Por Aparecida Bastos Pereira
O príncipe me encanta! Gostaria muito de encontrá-lo por aí. Alguns personagens literários para mim são assim: anseio por conhecê-los ao vivo.
Eu li O Idiota pela primeira vez na adolescência e desde então considero que o príncipe é um dos personagens literários que mais me comove.
Quando soube que esta seria a leitura do LabHum neste semestre pensei: Tenho que ler! Mudei horários, fiz um arranjo difícil que me fazia atravessar a cidade às 11 horas da manhã, mas não poderia faltar a este encontro com o príncipe!
Eu tentava me lembrar da minha experiência quando eu ainda era muito jovem... O que havia me tocado tanto? Como seria revê-lo? Pensava que seria como reencontrar, depois de muitos anos, alguém que eu havia conhecido e que tinha marcado profundamente minha vida. Tinha uma grande expectativa de como se daria este encontro!
E novamente me encantei.
Acompanhei “com o coração na mão” a breve passagem do “cavaleiro pobre” pelo mundo dos homens.
Em alguns momentos gostaria de poder protegê-lo...
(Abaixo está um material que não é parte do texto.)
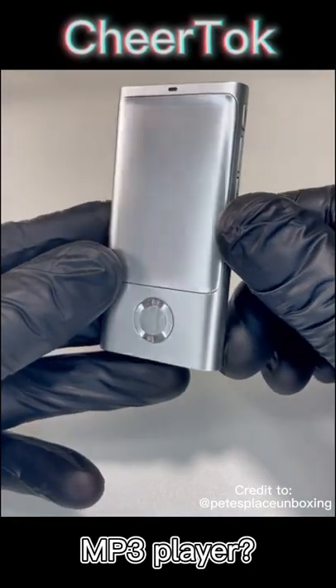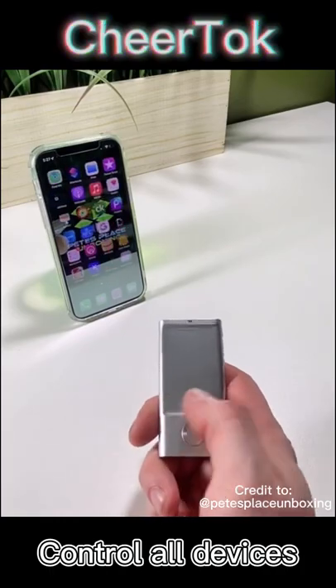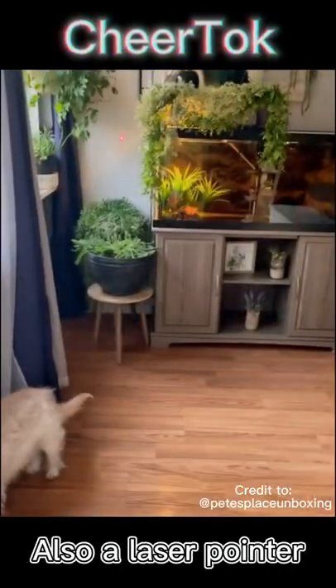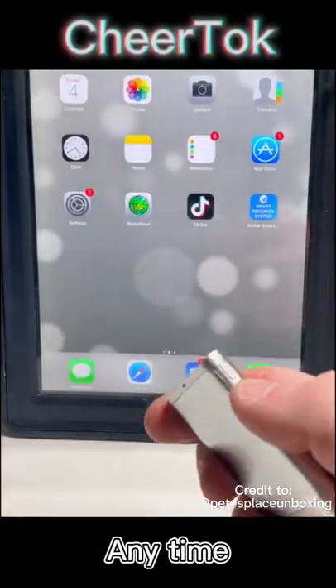This is the CheerTalk, and at first glance it looks like an MP3 player, but it's definitely not. You can use it on almost any Bluetooth device, so you can kick back and control your device without actually touching it. This also has a laser built into it, so you're able to control everything that you're showing and be able to point things out.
Em outros ficava difícil aguentar a sua entrega ao outro, aos acontecimentos, sem nada desejar. Pensava: Não é possível viver assim! É preciso definir-se, ocupar um lugar, proteger-se! Por que ele não falou, não fez escolhas, não se afastou do perigo?
Aos poucos fui parando de lutar e descobrindo como entregar-me ao convite do príncipe para esta experiência de dissolução dos limites e de transcendência.
Afinal, para mim, o príncipe vem dar notícias deste “outro lugar” que transcende o humano. Vem nos relembrar da nossa “pátria”, da “margem forte”, e com o seu “ser estrangeiro” – “com um gesto sempre oposto”- aponta nossa experiência de exilados, e a dor que acompanha essa condição.
“(...) Agora recordava que havia estendido as mãos naquele azul claro e sem fim e chorado. Atormentava-o o fato de que ele era totalmente estranho àquilo tudo. Que festim é esse, que grande e sempiterna festa é essa que não tem fim e que há muito o vem arrastando, sempre, desde a infância, e à qual ele não encontra meio de juntar-se. Toda manhã nasce esse mesmo sol claro; toda manhã há arco-íris na cachoeira; toda tarde a montanha nevada, a mais alta de lá, ao longe, nos confins do céu, arde em uma chama purpúrea; cada ‘ pequena mosca, que zune ao seu lado na réstia quente do sol é uma participante de todo esse coro: conhece o seu lugar, gosta dele e é feliz’; cada pé de relva cresce e é feliz! E tudo tem o seu caminho, e tudo conhece o seu caminho, sai cantando e chega cantando; só ele não sabe de nada, não compreende nada, nem as pessoas, nem os sons, é estranho a tudo e é um aborto.(...)”
Penso que este é o efeito que ele vai tendo sobre os demais personagens que como eu também se encantam, estranham, se desconcertam, transformam-se, ficando envolvidos em uma experiência que se dá entre o mundo real e o transcendente, algo um pouco mágico, que para mim permeia toda a narrativa.
A presença do príncipe vai assim revelando a miséria dos que “passeiam pelos trilhos” sem nunca descarrilhar. A identificação demasiada com o que é estabelecido socialmente, o medo de arriscar qualquer originalidade, ou uma expressão mais autêntica... Certamente existe aí o perigo de uma vida estreita e empobrecida, e de impossibilidade de acesso à experiência de abertura, amor e compaixão para a qual o príncipe nos convida.
Lisavieta sabe disto: “(...) E todo esse, e todo esse estrangeiro, e toda essa sua Europa, tudo isso é apenas uma fantasia, e todos nós no exterior, somos apenas uma fantasia... há de ver, o senhor mesmo verá!”
Para mim fica o enigma de saber viver neste lugar entre os limites do humano e o transcendente. Viver entre... Eu me dou conta deste movimento: ir e vir, aqui e lá...
O príncipe retornou a sua “pátria” enlouquecendo. Nós o conhecemos saindo da loucura, chegando ao mundo dos homens, e depois o vimos partir. Os outros personagens – assim como eu!- ficam com o desafio de sustentar a sua condição humana sem esquecê-lo.